----- Data provided -----

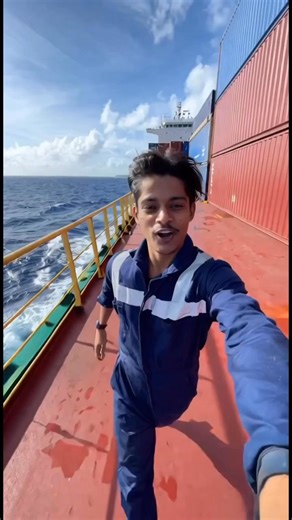 N-A-S-E-R-🌊❣ on Instagram: "Container ship vlogs 💕😄 #reels #reelsviral #shipvlogs #containership #reelschallengereelschallenge #LighthouseLife"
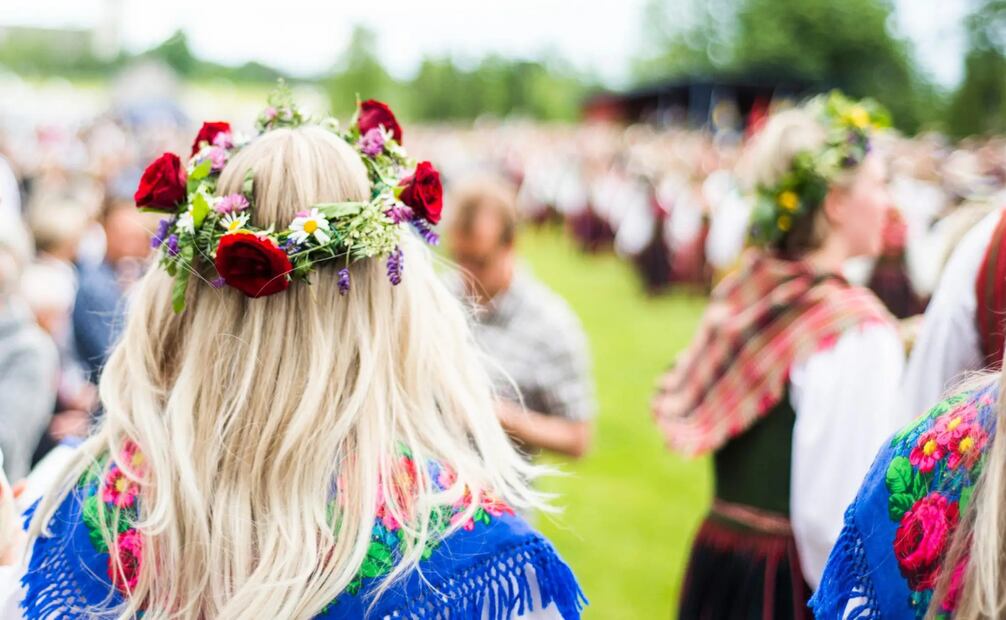 El Midsommar es una fiesta de orígenes suecos y celebra el día más largo del año, el solsticio de verano. Foto: Visit Sweden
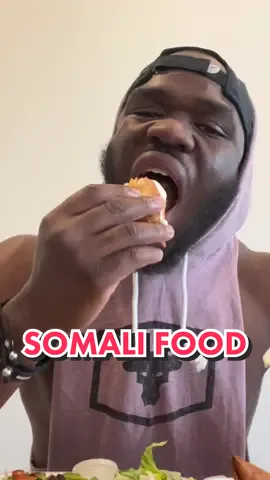 Replying to @tm__206  got me eating with my hands and shit 😆 #goodeats #fyp #foodtiktok #viral #asmr #FoodLover #foodies #foryoupage #food #mukbang #mukbangeatingshow #yummyfood #review #foodcritic #viralvideo #reactions #somalitiktok #somalifood #chicken 
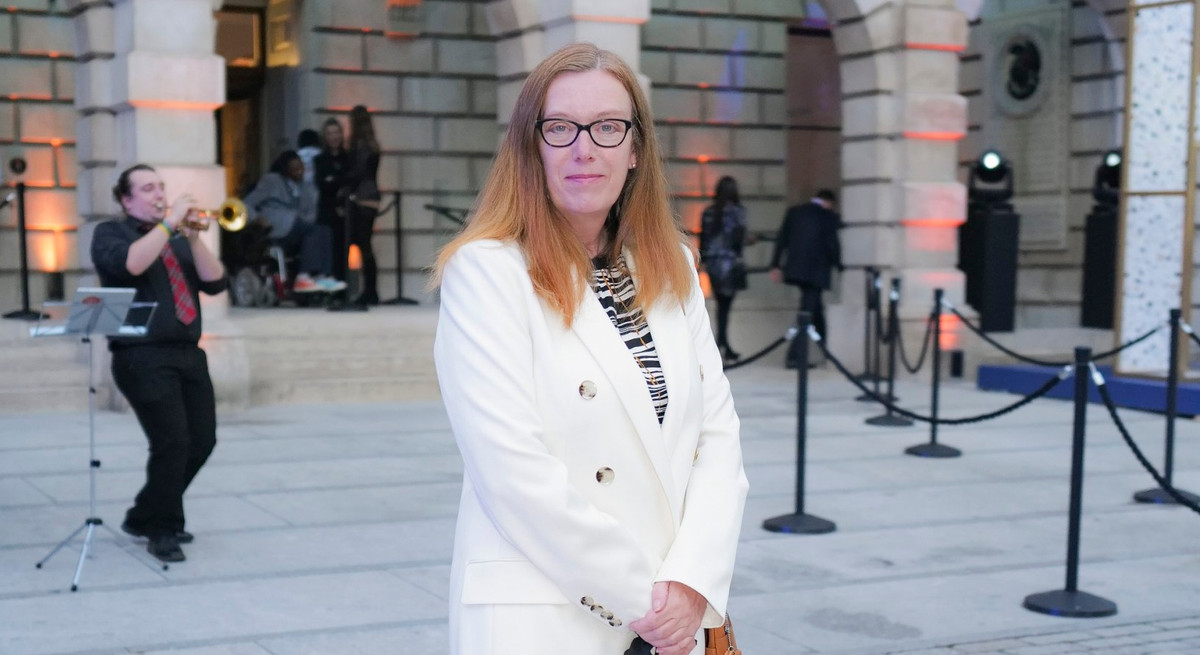 Vì không còn nhiều chỗ để lây lan nên virus SARS-CoV-2 khó có thể tạo ra những biến chủng nguy hiểm mới. Đến cuối cùng, nó sẽ trở thành các loại virus corona theo mùa khác như loại gây bệnh cảm lạnh và viêm đường hô hấp.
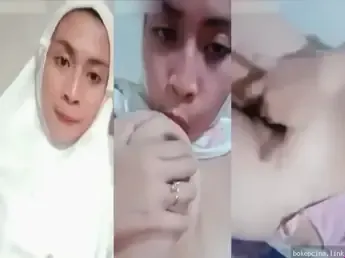 Bokep Jilbab Lupa Nutup Pintu Mukena Terbuka Sange Viral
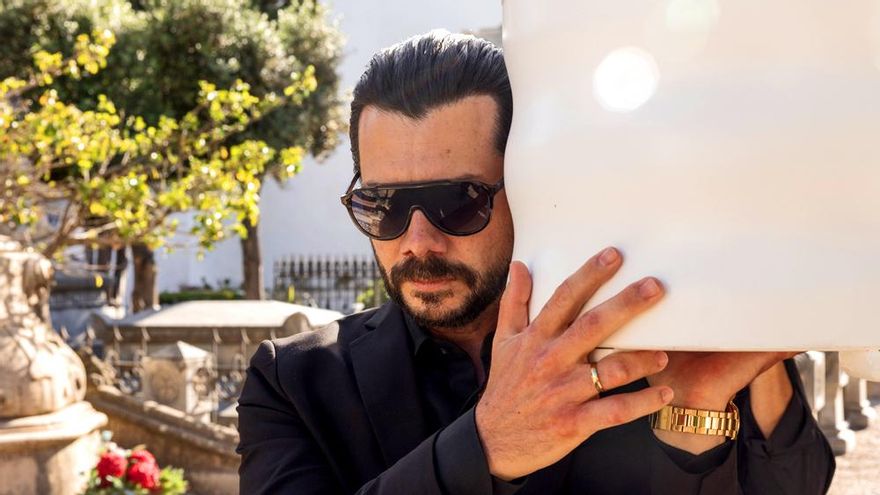 Netflix lanza el tráiler de 'Dos Tumbas', nueva serie con Álvaro Morte bajo el sello Carmen Mola que enseña más imágenes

-----

--- Task goal ---
Repeat only what runs from the first line of the records above to the line with "El Midsommar es", both included, word for word, minus the pictures.

--- The completed task ---
 N-A-S-E-R-🌊❣ on Instagram: "Container ship vlogs 💕😄 #reels #reelsviral #shipvlogs #containership #reelschallengereelschallenge #LighthouseLife"
 El Midsommar es una fiesta de orígenes suecos y celebra el día más largo del año, el solsticio de verano. Foto: Visit Sweden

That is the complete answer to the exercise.